In The Fifth Season and its sequels, we are in a speculative future, long past the damages done to our known world by climate change. “This is how the world ends—for the last time.” In this world, beyond any conception of known political economies, structures of inequality persist, and those most exploited are those least informed. Fulfilling the best of the promise of Le Guin and Butler, Jemisin’s “fantasy” is in imagining not merely the dystopian futurist injustices but the anti-hierarchical, democratic, and communal points of resistance. In any world, our greatest conjurers of possibility tell us, life is only life when social relationships are valued above individual power.
Which is not to suggest conflictless utopia: Jemisin’s extraordinary narrative achievement is revealing the rifts in one’s one communities, the tensions innate in people, messy and impulsive and primal as we are, attempting to survive together.
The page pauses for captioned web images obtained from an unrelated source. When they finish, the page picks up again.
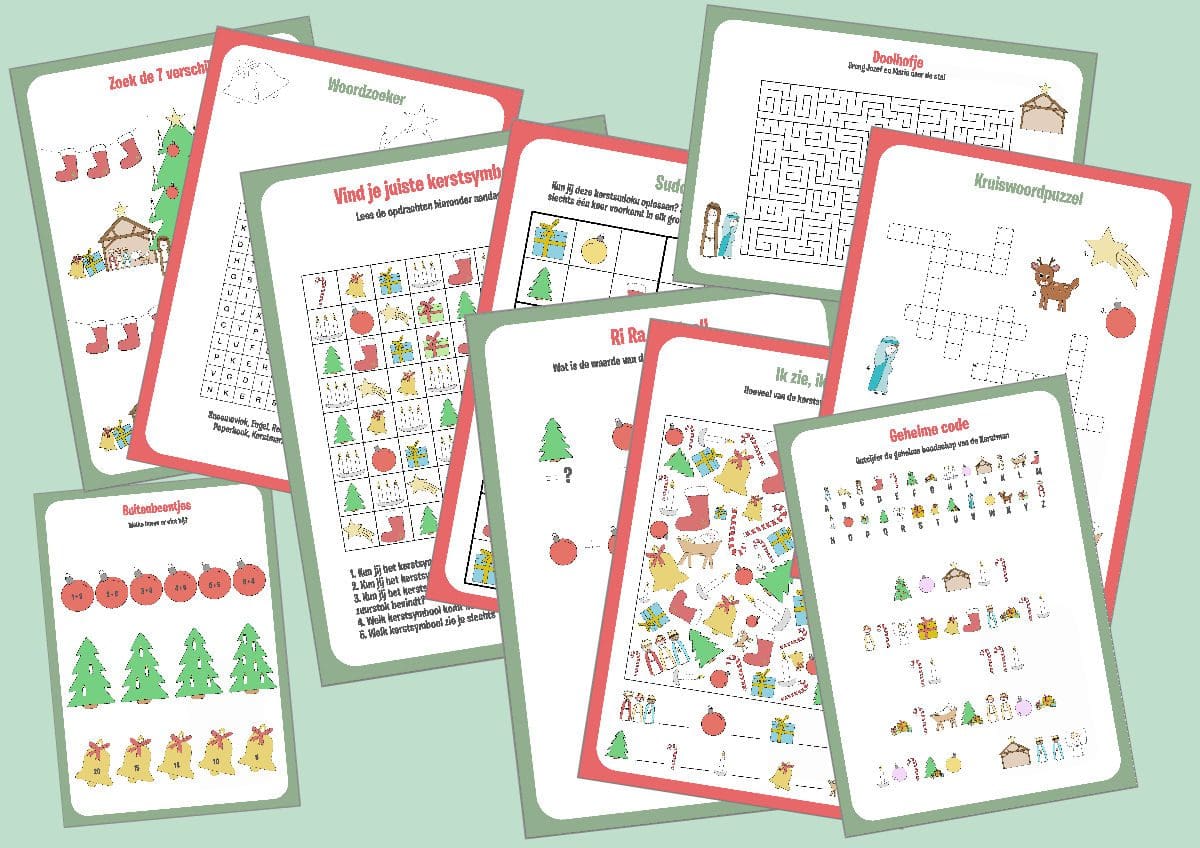 Kerst raadsels en puzzeltjes om zelf te printen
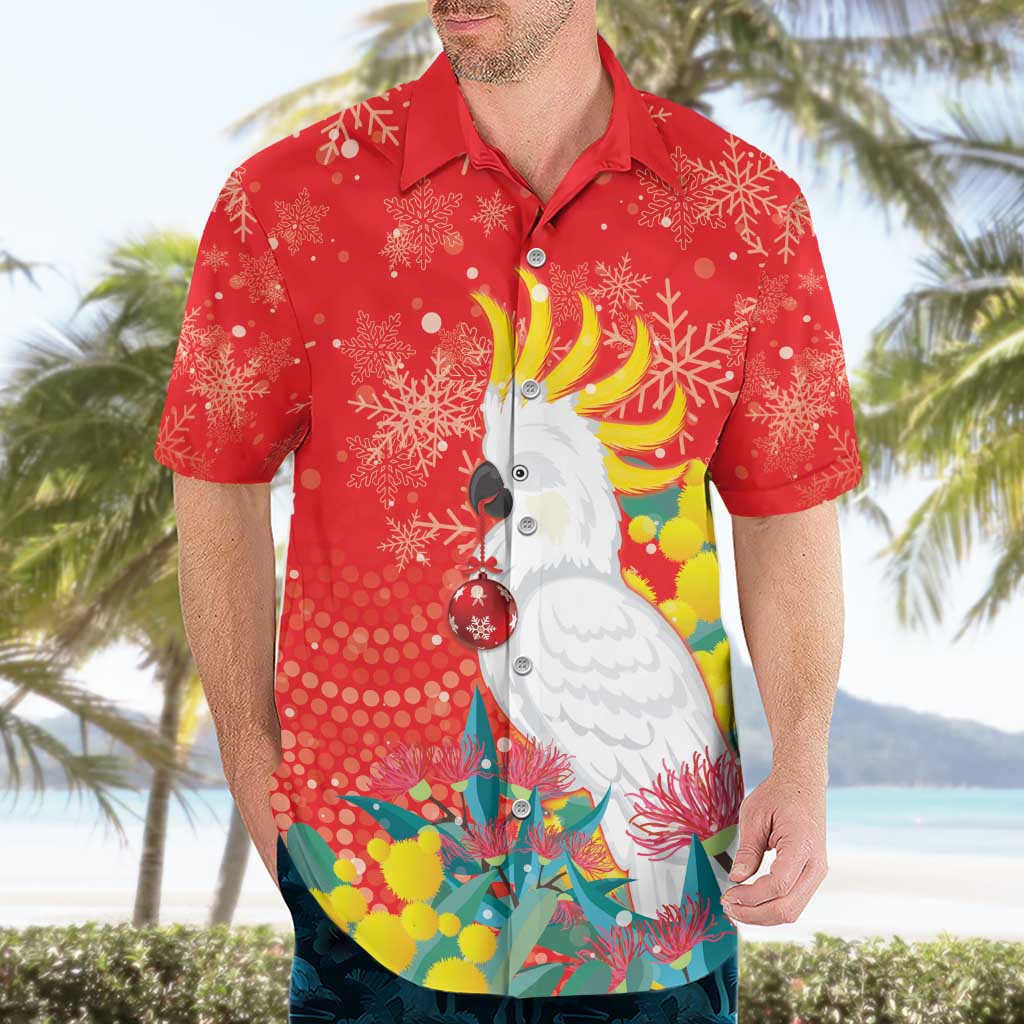 Sulphur-crested Cockatoo Christmas Hawaiian Shirt Australia Gumtree With Golden Wattle - Vibe Hoodie Shop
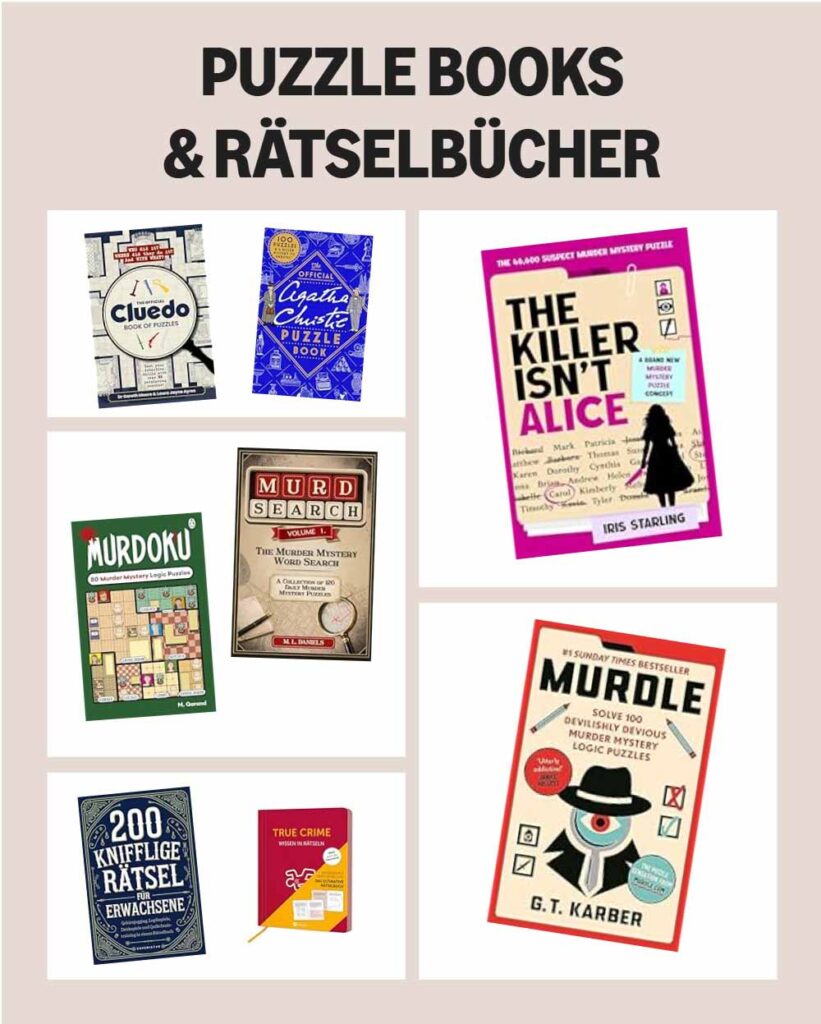 Puzzle Books und Rätselbücher für Erwachsene offline Hobby Idee Murder mystery Puzzle Books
What matters, for that imperative pursuit beyond survival and into life, is how those tensions are acknowledged, responded to by the community. When violence—physical, political, sociological, diagnostical—is the motive for social organization, no community will ever know equality, but communities can overcome structural violence by recognizing and truthfully confronting those impulses. Difficult, perhaps even impossible, work—but therein lies the revolution.
Haleh Roshan is an Iranian-American writer and DSA member in New York City.